La periodista de la televisión nacional ORTB Abiath Oumarou asegura que desde hace cuatro décadas los contrabandistas de Benín, que se encuentra entre Togo y Nigeria y desemboca en el Golfo de Guinea, se lucran de este negocio irregular que emergió ante la necesidad de carburante en el país. “Antes de que yo naciera ya existía el contrabando de gasolina”, explica la reportera. “He crecido, he sido madre y todavía sigue habiendo tráfico de carburante. Está en todas partes”.
“Hay tan sólo una estación de servicio por cada 20.000 habitantes”, afirma el economista beninés Bio Soulé, del Laboratorio de Análisis Regional y Especialización Social (LARES. En las pocas gasolineras que hay, “el litro de carburante cuesta hasta 250 francos CFA más (0,38 euros) que en los puestos de la calle”, añade.
“Nosotros sabemos que nuestra actividad hace que la economía del país esté por los suelos”, afirma contundentemente Henri Assogba, jefe de los traficantes de los departamentos Atlántico y Litoral.
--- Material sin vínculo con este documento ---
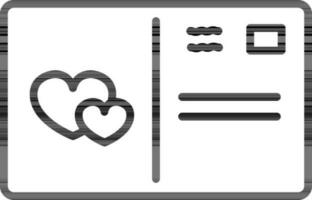 ilustración de amor letra icono o símbolo. vector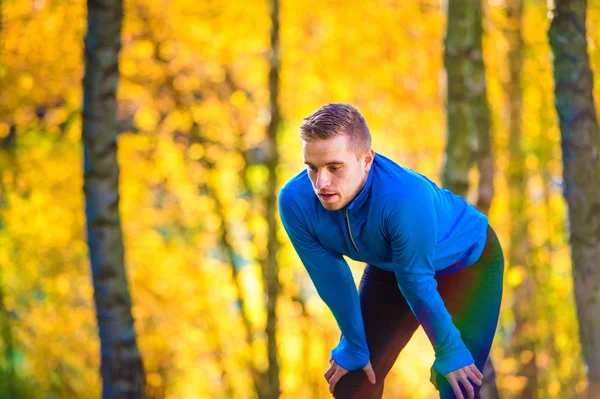 Young handsome runner — Stock Photo, Image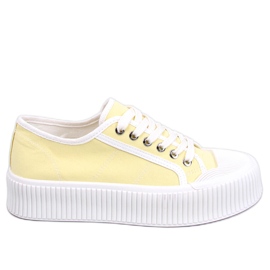 BM Dors Yellow women's platform sneakers BM Dors Yellow women's platform sneakers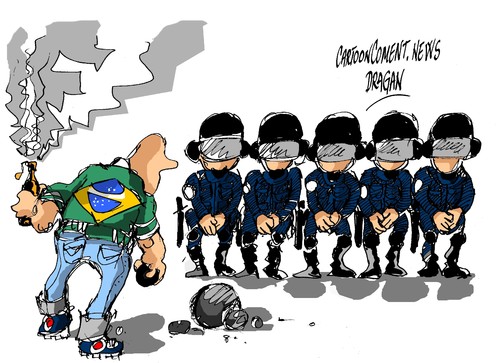 Cartoon: Brasil-Copa del Mundo-tiro libre (medium) by Dragan tagged brasil,copa,del,mundo,fudbol,tiro,libre,deporte,cartoon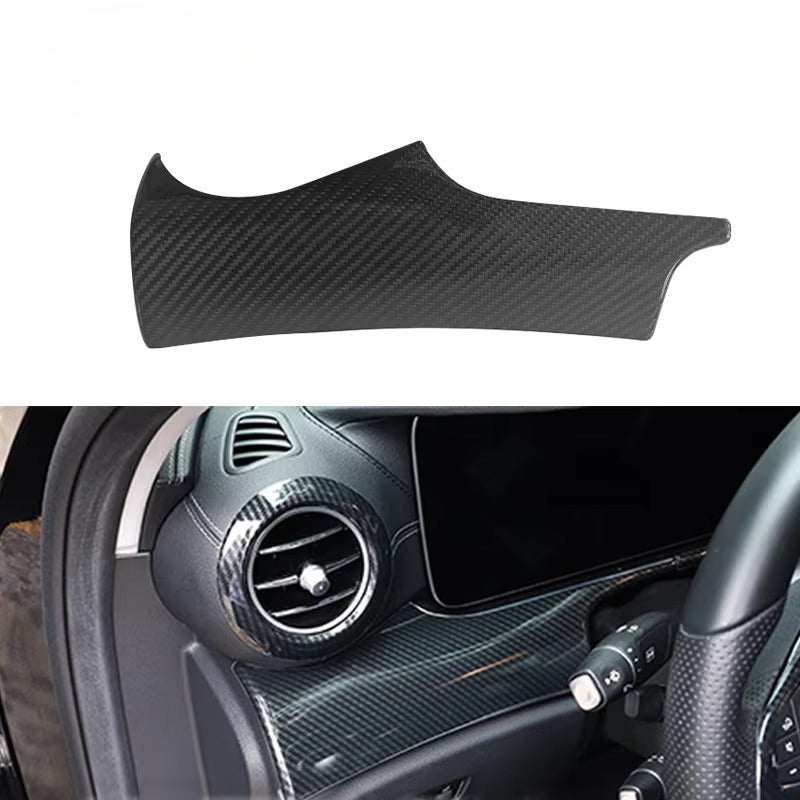 12pcs Add on Style Carbon Interior Kits Fit for Mercedes Benz New E Class W213 RHD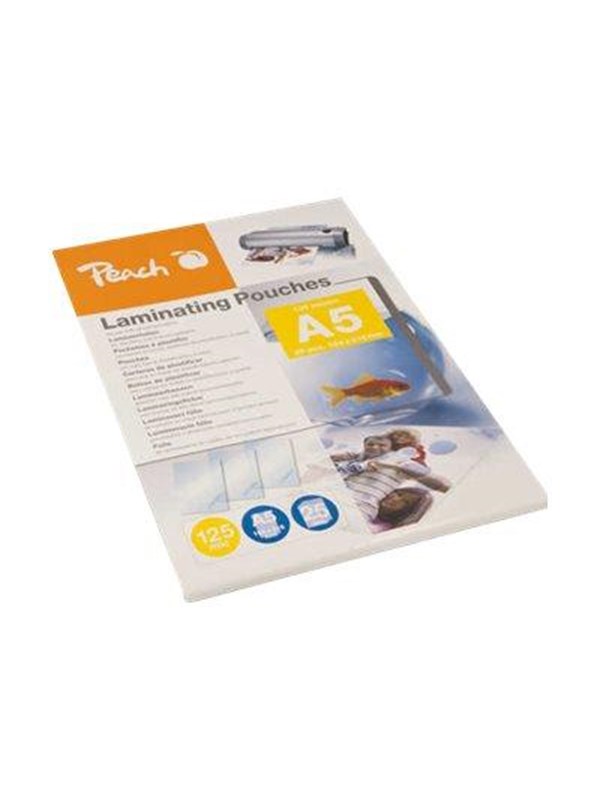 Peach - 25-pack - A5 - lamination pouches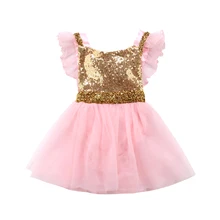 Платья принцессы для девочек с цветочным рисунком для маленьких детей вечерние Свадебные Кружева Тюль Туту платья-комбинезоны Размеры 0-24 м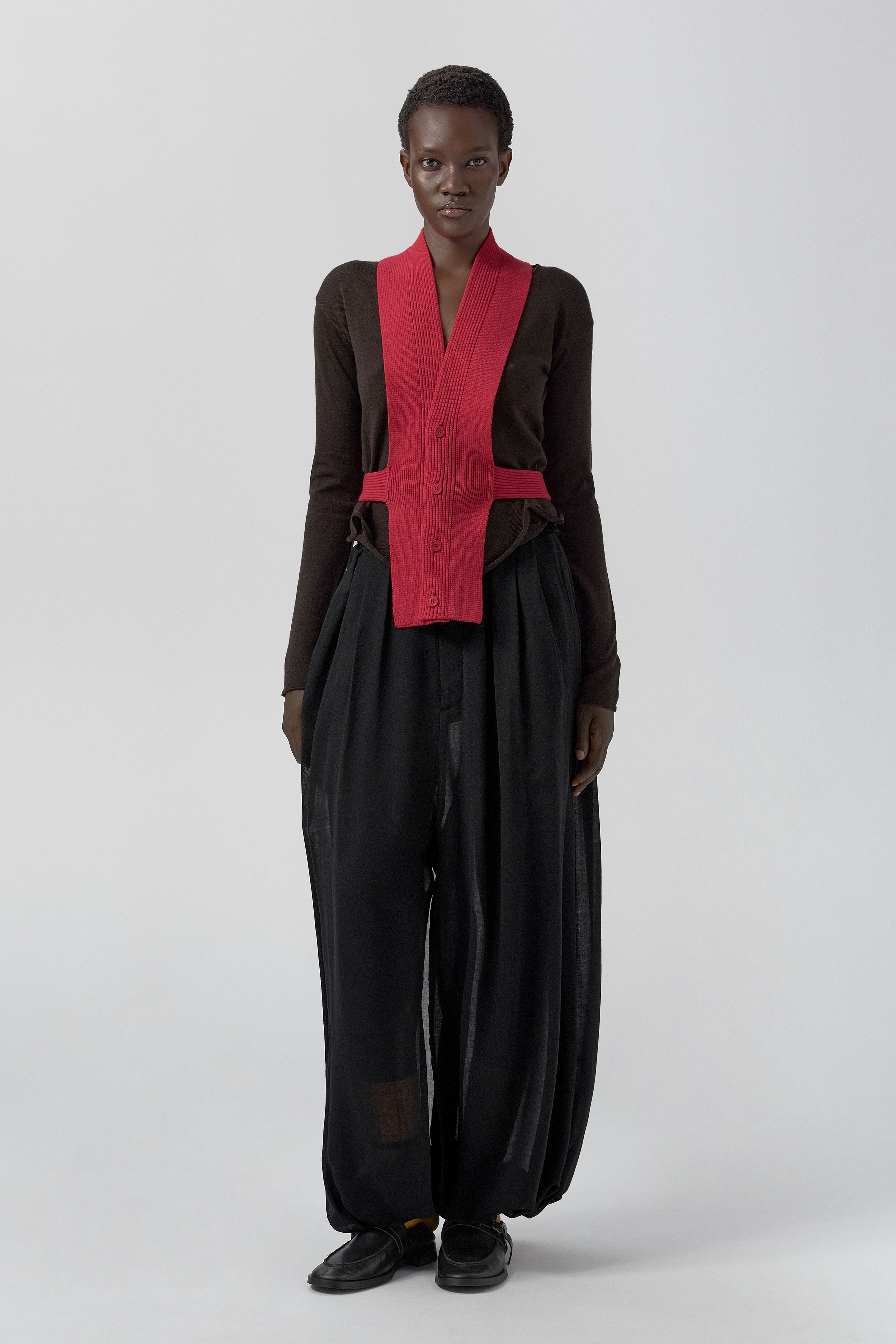 Wirth Scarf - Red Viscose Knit | Miista | Designed & Handmade in Europe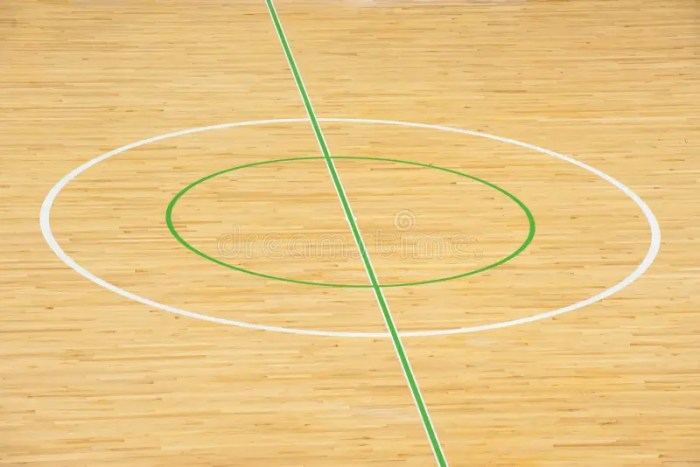 wooden floor sports hall marking lines basketball 32337104 1 - Kenali Parket Basket Asli Panduan Pemeriksaan Kualitas
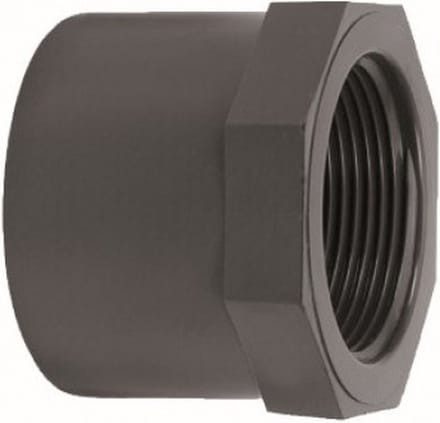 Druk PVC lijmring - 40mm x 1/2 - 16 bar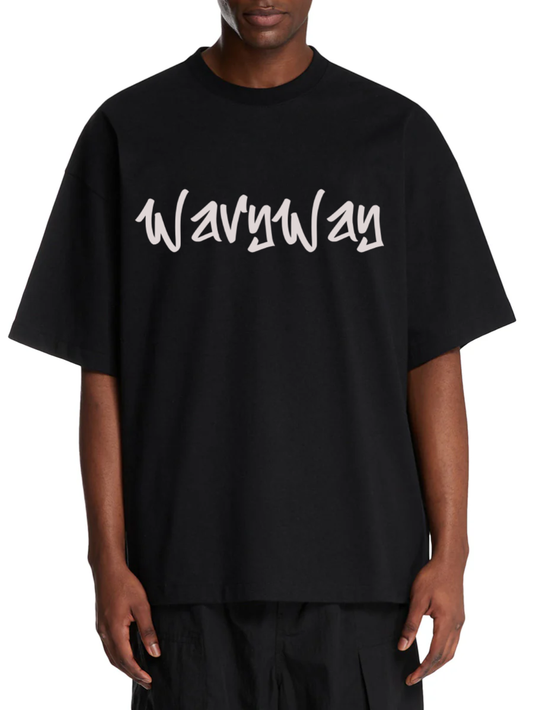 "White Signature" T-Shirt - Black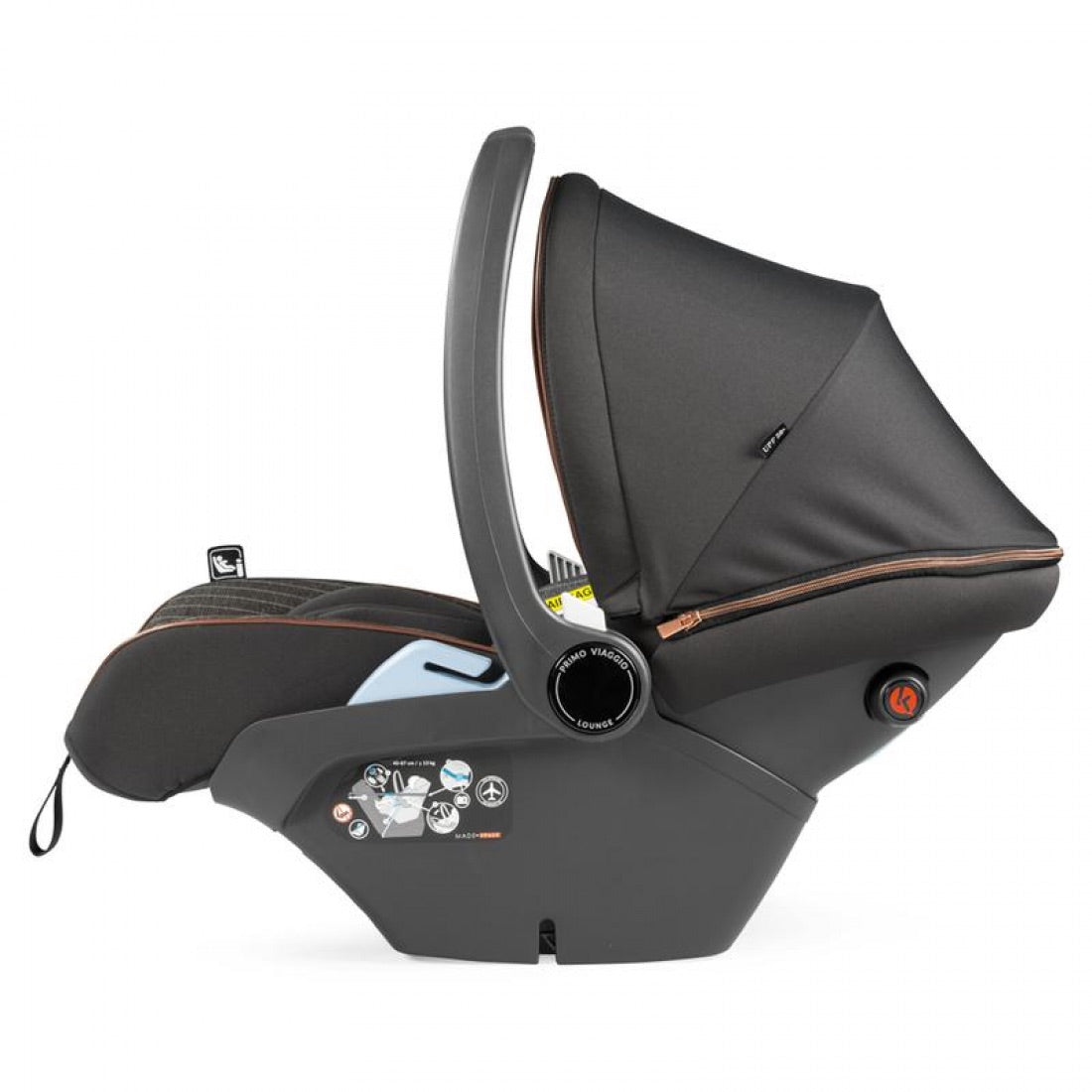 Peg Perego Veloce Lounge I-Size Travel System Bundle, 500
Allí se encuentran las dos ciudades más importantes del país, Cotonou y Porto Novo, la capital. Bio Soulé lo confirma. “El Estado beninés deja de ingresar alrededor de 150.000 millones de francos CFA al año (unos 228 millones de euros), ya que no percibe impuestos directos ni indirectos del negocio ilegal de la gasolina”, puntualiza.
Los jefes del tráfico de gasolina han
alcanzado un gran poder en Benín. Oumarou cuenta que hay muchos
diputados en el Parlamento que están implicados en el contrabando de
carburante nigeriano. La periodista afirma que gracias a los grandes
traficantes la mayor parte de la población tiene trabajo y puede hacer
frente a la elevada tasa de pobreza, que superó en 2011 el 50%, según
datos del Banco Mundial (el país ocupa el puesto 166 de 187 en el Índice
de Desarrollo Humano). Además, los políticos se han rendido a sus pies.
Los contrabandistas financian las campañas electorales y suele ganar
quien cuenta con el apoyo de los grandes traficantes. Henri Assogba
explica que en 2006 impulsó una campaña a favor del entonces candidato
Yayi Boni, quien finalmente ganó los comicios. “Los contrabandistas
tenemos una gran popularidad y los políticos lo saben”, sentencia
Assogba, quien afirma poseer “una fuerza divina”.
Ante esta realidad, la policía se declara impotente y hace la vista gorda. “Muchas veces fingimos no ver nada. La solución es cerrar los ojos y dejar que actúen”, admite Brice Sourou, jefe de los gendarmes de los departamentos fronterizos de Ouémé y Plateau. Según Abitah Oumarou, el tráfico de gasolina nigeriana en Benín “es una realidad que ocurre ante los ojos de todos y las autoridades son cómplices”. Henri Assogba dice que existe una “gran hipocresía”. El contrabandista asegura: “Muchos políticos que aparecen en televisión amenazando con bloquear la actividad son los que después llenan los depósitos de sus vehículos en la calle de madrugada”.
La red contrabandista está muy extendida. Muchas mujeres, jóvenes —sean universitarios o analfabetos—, personas con alguna discapacidad física e incluso menores trabajan en esta actividad. El economista Bio Soulé afirma que las personas que se dedican al contrabando cobran más que un funcionario. “Sus ingresos mensuales superan los 50.000 francos CFA (76 euros), mientras que el salario mínimo en el país es inferior a los 35.000 francos (53 euros)”, corrobora. Ante esta realidad,el Gobierno se encuentra entre la espada y la pared. Cuando ha tratado de bloquear el tráfico ilegal de carburante nigeriano la población se ha sublevado. Tanto el economista Soulé como la periodista Oumarou coinciden en que la estabilidad de Benín depende, en gran parte, de este negocio.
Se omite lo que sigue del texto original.